Curiosity was said to kill the cat. And the cat was never the same again.
Ying Yue bit her lip, internally debating over whether she should head over and check it out. On the way here, Fei Huangjin had asked her to move in and she agreed. Furthermore, she was his wife now. What was holding her back?
A small smile bloomed on her lips and she trudged over to the door. She looked back towards the direction of the kitchen and could still hear the faint sound of chopping and pan-searing.
Turning the knob, she found that it wasn't locked. The door opened without a single creak, and Ying Yue slipped inside, realizing that it was Fei Huangjin's study. The interiors were decorated in dark blue and brown. The place was extra-neat. And the books on the shelves looked like they had a particular order to them -- tall books here, hardbound books there, and so on and so forth.
She smirked. Typical Fei Huangjin.
She sauntered over to the large desk on one side of the room and ran a hand on it. It was clean. There was a mischievous look on her face as she pulled out his leather tufted swivel chair and sat on it like a queen, her elbows resting on the armrests and with one of her legs crossed over the other.

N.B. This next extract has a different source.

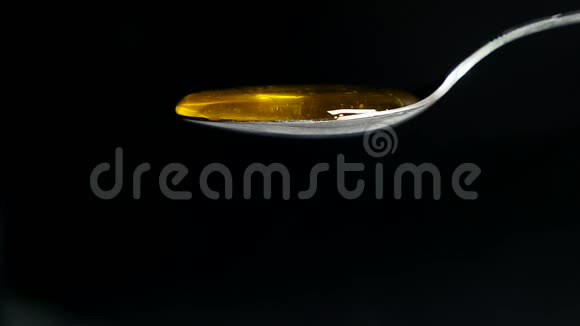 黑背景下从勺子流出的蜂蜜视频的预览图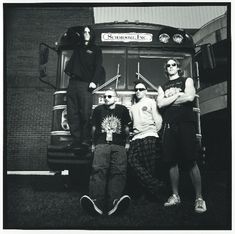 three people standing in front of a bus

She giggled and leaned back, kicking away her slippers and propping up her feet on the desk. She should get a desk and chair like this for herself, she thought.
When she swiveled her chair to the left, her legs were pulled to that direction; and when she swiveled the other way, her legs were again pulled to that side. Ying Yue felt her heel dragging a paper from the desk and pulled her feet back.
"Oops." The documents neatly stacked at the middle was now a blundering mess. What would Fei Huangjin think if he found his own secretary messing this up with her feet? She snickered.
She sat up properly and arranged the papers together. However, there was an odd one out among them -- a familiar-looking envelope on top of it all.
The initially amused look on her face collapsed into a confused frown. This was the letter from the bunker. The one addressed to Fei Huangjin's bunker. Didn't Fei Huangjin say he left it at the headquarters?
There was a flash of indignation in her eyes as she examined it carefully. It was unsealed and obviously opened.
He said he hadn't read it yet. Fei Huangjin lied to her.
Breaking someone's trust was like crumpling a piece of paper. It can be flattened again and even be ironed out, but it will never be as smooth and pristine as the way it was before. That was the funny thing about trust: once betrayed, it can't be put together the exact way it once was.
Ying Yue's eyes darted to the door, listening intently for any incoming footsteps before proceeding to open the letter.
And in it, was the familiar handwriting of her brother.
"No," she murmured.
The crinkling of the paper as she gripped it tightly was sharp and unpleasant to her ears. Her vision started to mist and get blurry as tears prickled her eyes. Every sentence in the letter was like a knife stabbing at her heart, and when she got to the line that said, "You once said that caring too much for my sister would be my downfall," she almost couldn't finish reading it.
A painful cry escaped her lips and a tear spilled over one cheek.
Ying Shen died trying to start over with a new life. Ying Shen died because he wanted to be better for her. Ying Shen died and didn't leave a letter to her, choosing instead to write to his former master.
Ying Shen died. And the documents were still missing.
The hands holding the letter shook.
"Ying Yue? Ying Yue, dinner's ready!"
Startled, she dropped the letter on the desk and struggled to place it back in the envelope with shaky hands. It took her several attempts to get it in without looking like a crumpled mess, and she hurriedly fixed the documents on the table with it.